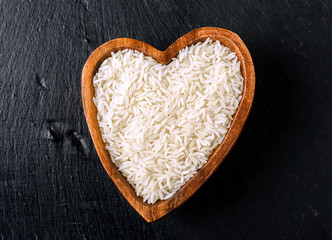 Isolated handful of raw white rice in the wood bowl in the shape of heart on black stone background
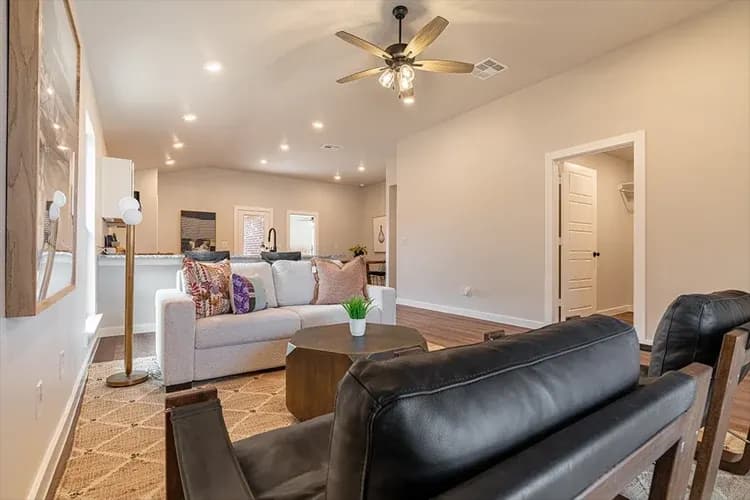 Living room, alternate staging, in The Clear Creek home model by Buffalo Built LLC.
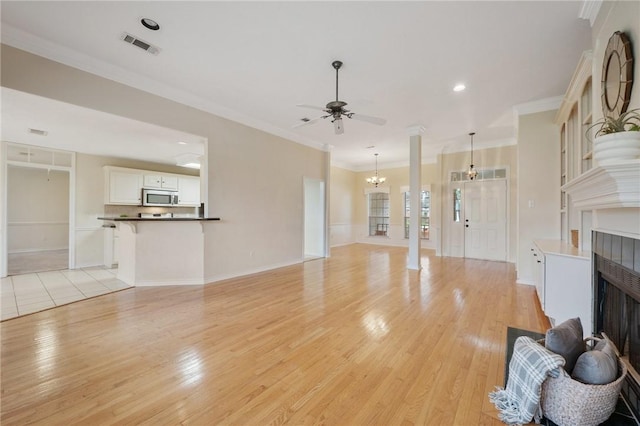 living room featuring a tile fireplace, ceiling fan with notable chandelier, light hardwood / wood-style flooring, and crown molding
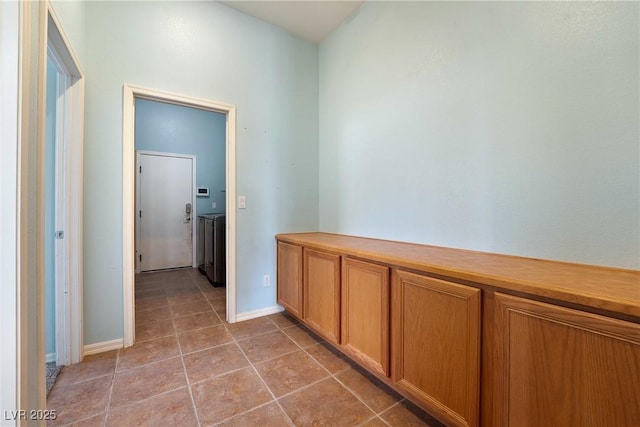 hall with light tile patterned flooring and baseboards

Instructions to follow:
Every line from the one containing "living room featuring" through the last line of the listing must be written out again exactly, and no other line. Leave the pictures aside.

Result below:
 living room featuring a tile fireplace, ceiling fan with notable chandelier, light hardwood / wood-style flooring, and crown molding
 hall with light tile patterned flooring and baseboards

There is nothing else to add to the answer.